College Newspaper Reveals Privacy Violations

By Andrew Drea
Junior Jackie Deskovich spent the past semester abroad in Thessaloniki, Greece. While she walked the streets of the city and focused on her studies, private information including her social security number and Monmouth transcripts were available on the Monmouth network for any incoming or current student or faculty member to view.

Due to a wrongfully clicked security option on a directory on the school’s public folders system, anyone with a Monmouth College email address could log in to see any study abroad applicant’s entire application instead of a preselected list that was created but not activated. The applications included professor recommendations, transcripts, grade point averages, home addresses, phone numbers and social security numbers. All applicants who had applied to go off campus from 2008 to those applying for next year were open for public consumption, including those who were denied the chance to go.

“It was an honest error,” said Vice President for Student Life Jacquelyn Condon. “It was believed that only certain people had access to this and that it was not available to just anybody who wanted to look at it. We feel terrible about it.”

The problem was brought to the attention of the Office of Student Affairs on Monday after an investigation by the the staff of the Monmouth College newspaper The Courier. Applications for Fall 2011 and Spring 2012 were promptly deleted but the majority of applications from years past were still available. Those documents were closed to student access by Tuesday night and apology emails were sent out to affected students on Wednesday. However some, like Deskovich, are upset with the entire issue.

“That’s not really OK,” Deskovich said. “I would not like that on the internet. The fact that my social is on there is not OK. There’s no academic reason to have my social security anywhere on your website. None. Transcripts, that’s an academic thing that nobody can steal my identity from.”
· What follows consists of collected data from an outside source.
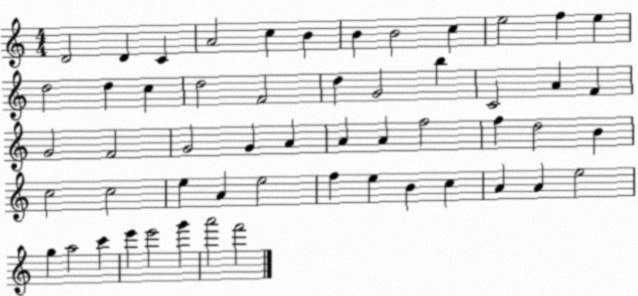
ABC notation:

X:1
T:Untitled
M:4/4
L:1/4
K:C
D2 D C A2 c B B B2 c e2 f e d2 d c d2 F2 d G2 b C2 A F G2 F2 G2 G A A A f2 f d2 B c2 c2 e A e2 f e B c A A e2 g a2 c' e' e'2 g' a'2 f'2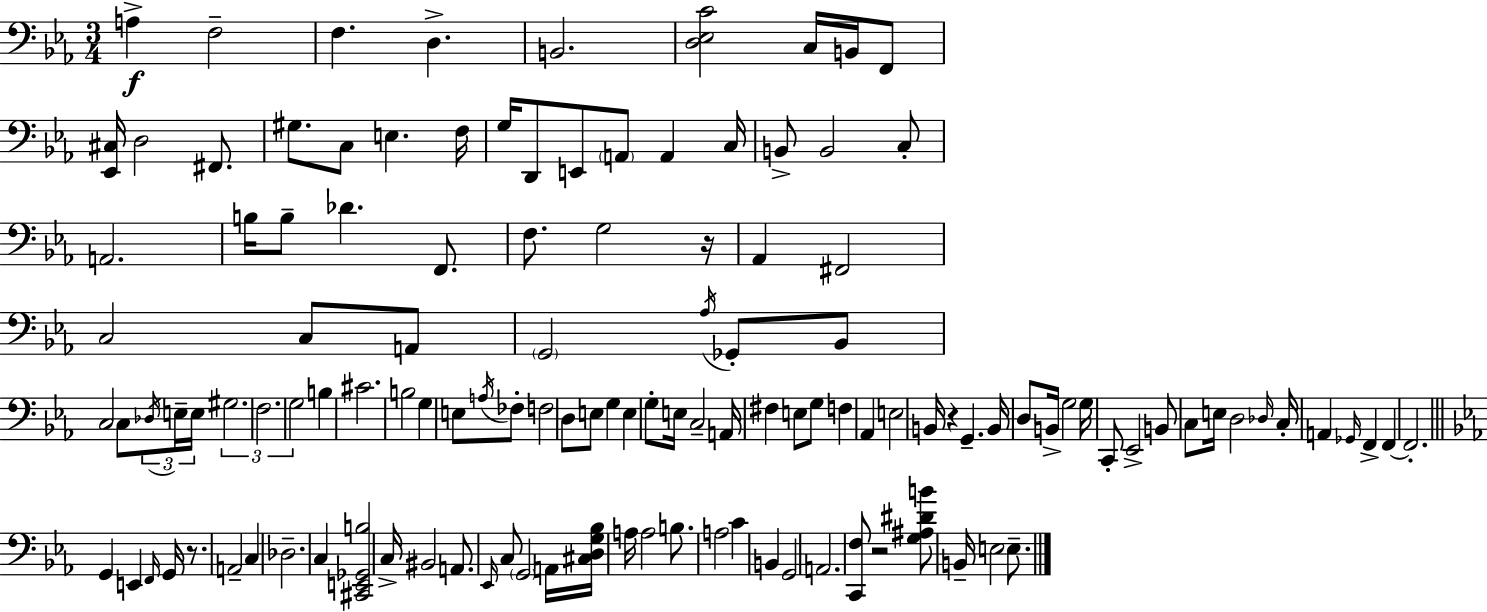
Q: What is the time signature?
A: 3/4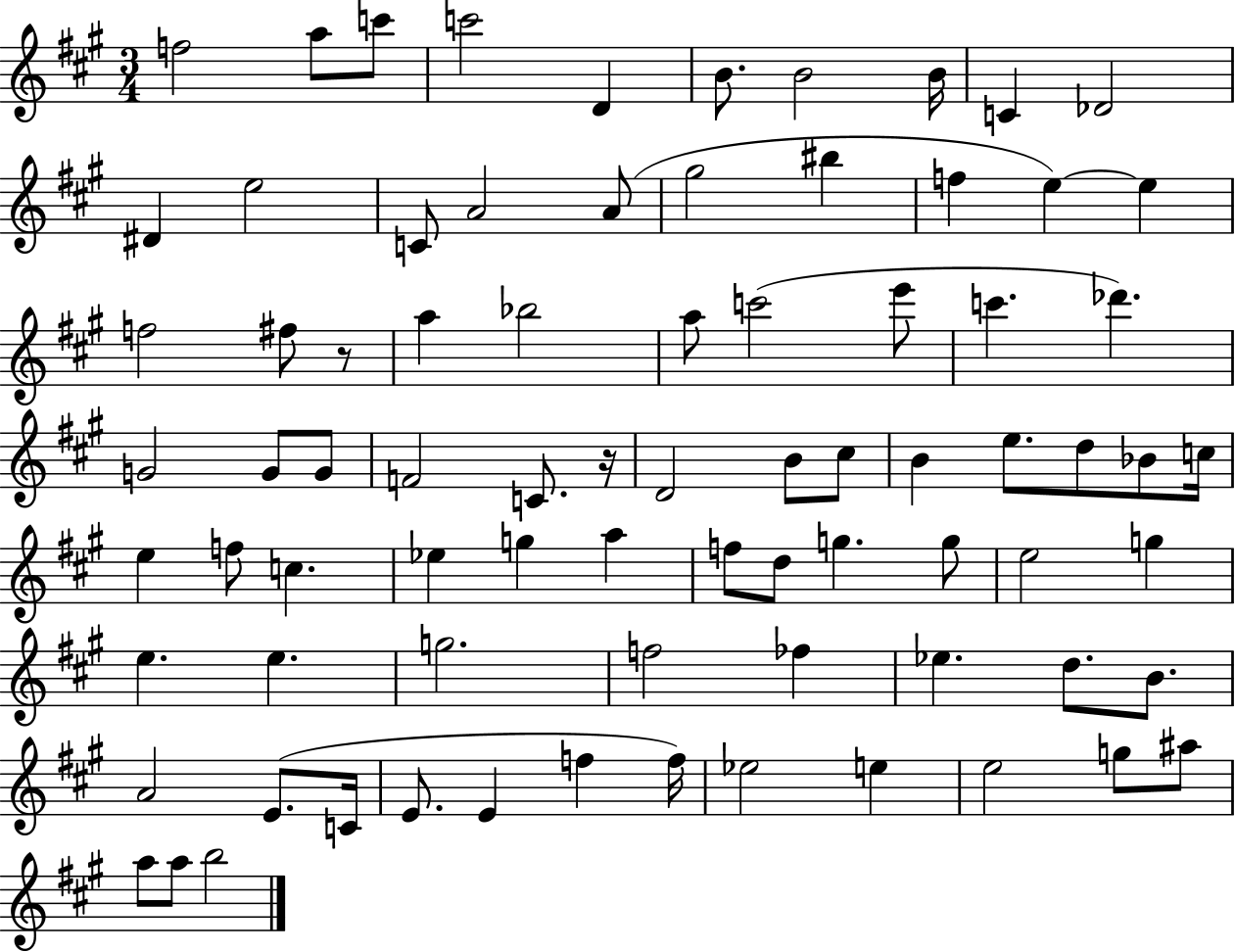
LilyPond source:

{
  \clef treble
  \numericTimeSignature
  \time 3/4
  \key a \major
  \repeat volta 2 { f''2 a''8 c'''8 | c'''2 d'4 | b'8. b'2 b'16 | c'4 des'2 | \break dis'4 e''2 | c'8 a'2 a'8( | gis''2 bis''4 | f''4 e''4~~) e''4 | \break f''2 fis''8 r8 | a''4 bes''2 | a''8 c'''2( e'''8 | c'''4. des'''4.) | \break g'2 g'8 g'8 | f'2 c'8. r16 | d'2 b'8 cis''8 | b'4 e''8. d''8 bes'8 c''16 | \break e''4 f''8 c''4. | ees''4 g''4 a''4 | f''8 d''8 g''4. g''8 | e''2 g''4 | \break e''4. e''4. | g''2. | f''2 fes''4 | ees''4. d''8. b'8. | \break a'2 e'8.( c'16 | e'8. e'4 f''4 f''16) | ees''2 e''4 | e''2 g''8 ais''8 | \break a''8 a''8 b''2 | } \bar "|."
}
While applications for off campus study often require a social security number on the cover sheet of the application, Monmouth College’s official transcripts only list the last four digits of a social security number, questioning the need for such an important number to be required for an application.

“I don’t trust anybody at this school enough to give them my social security number,” said Deskovich. “I don’t care; look at my grades. You’re my professors, you can see my grades but the only other people that ought to know my social security number are my parents. Other than that, no one needs to know that unless I’m filling out an application or something.”

An underlying issue is a violation of FERPA, the Family Educational Rights and Privacy Act. Students are protected from having their documents released to anyone other than faculty and staff. Students must even sign a form to allow parental access to files.

“Only people with legitimate educational interests should have access to information that’s in a student’s file,” said Condon. “And a file is either the paper or the electronic.”

Condon explained that legally, a school that violates FERPA could be fined through the withholding of federal financial aid. Normally, schools are alerted to FERPA violations by the Department of Education and are only fined if no action is taken to correct the violation, so Monmouth College will not be fined or even required to report the offense to the federal government. In addition, legal action cannot be brought against individuals at a school.

“This is not something that someone has done maliciously,” said Condon. “This is clearly an error.”